# Moving chickens across country



## Lissa (Oct 23, 2012)

Hi there, we might be moving across the country in the next couple of months. Any pointers or tips on moving chickens? 

I only have 5 chickens and figured I would put them in a large wire dog crate but not sure about details of moving them (what to do with them at hotel, especially the rooster, haha).
Thanks!


----------



## chickflick (Sep 23, 2012)

A large cardboard box would be better, I think. Keeping them dark and quiet. I know you won't be able to bring into the hotel room legally, lol Especially with the rooster. Can you find them homes and start new at new location? Be a lot easier on everyone!!


----------



## robin416 (Sep 8, 2013)

The rooster is going to be the challenge. You might need to put him in a carrier over night inside the vehicle to minimize his crowing. Tossing a towel over it will keep him quieter.
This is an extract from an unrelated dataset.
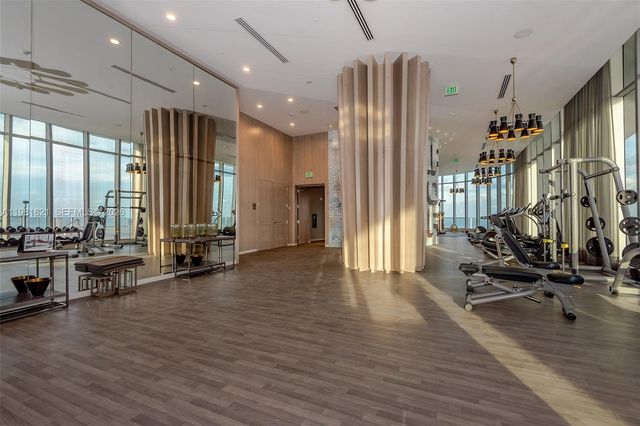 4111 S Ocean Dr MPH5, Hollywood, FL 33019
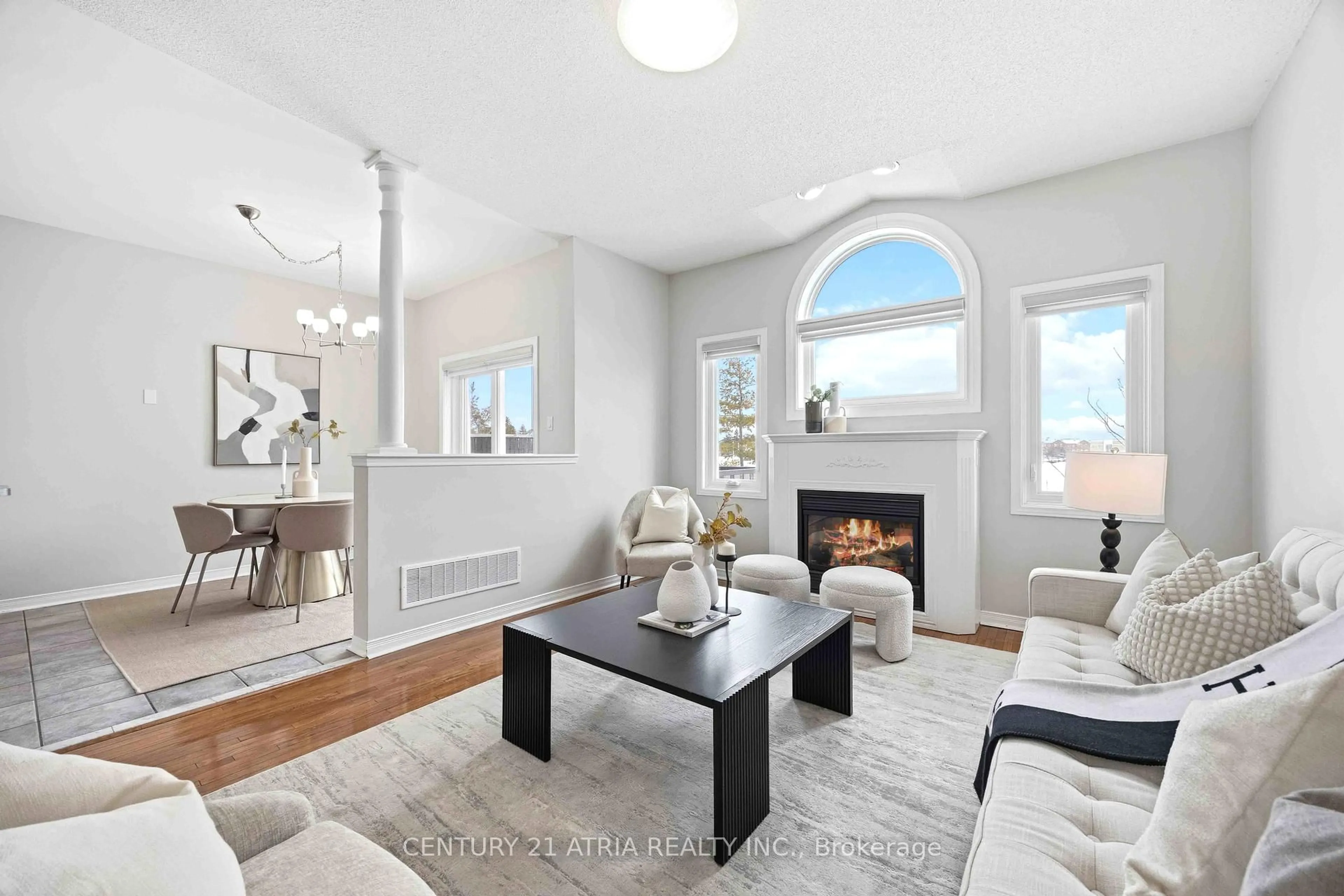 Living room with furniture, unknown for 33 Eddington Pl, Vaughan Ontario L6A 3P7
You need to consider weather. It can change significantly from one part of the country to another. You night need a canvas for traveling in cold and/or wet weather. The canvas can be used to cover and protect the birds in the cage over night.But you might also need ice traveling in particularly hot areas. 

I'm assuming of course that you're traveling in a pickup. The type of vehicle will matter.


----------



## piglett (Jun 21, 2012)

robin416 said:


> I'm assuming of course that you're traveling in a pickup. The type of vehicle will matter.


i have done it for a couple hours inside a car.......stinky

i had a dog carrier in the back seat with an old blanket under it

nothing leaked onto the seats ( thank God)

unless these birds are super rare show birds

i would give them away to a local family that will give them a nice place to live out their days.

the stress of going coast to coast isn't going to be good 

for the birds or the owners

i just wouldn't do it but it's not my call

good luck
piglett


----------



## robin416 (Sep 8, 2013)

piglett, I know someone who traveled from WA state to VA with something like 15 large fowl birds. She didn't have a rooster so no worries there. She did it quite successfully. The birds had issues with adopting to the heat and humidity of VA but that was the extent of her issues. 

Then one year later, she took her flock back to WA state.

I did a 6 hour drive with my 15 old birds. All made the trip without incident. Of course they were also in the bed of my pickup protected by shade cloth and up close to the back of the cab to keep the wind off of them.


----------



## piglett (Jun 21, 2012)

robin416 said:


> piglett, I know someone who traveled from WA state to VA with something like 15 large fowl birds. She didn't have a rooster so no worries there. She did it quite successfully. The birds had issues with adopting to the heat and humidity of VA but that was the extent of her issues.
> 
> Then one year later, she took her flock back to WA state.
> 
> I did a 6 hour drive with my 15 old birds. All made the trip without incident. Of course they were also in the bed of my pickup protected by shade cloth and up close to the back of the cab to keep the wind off of them.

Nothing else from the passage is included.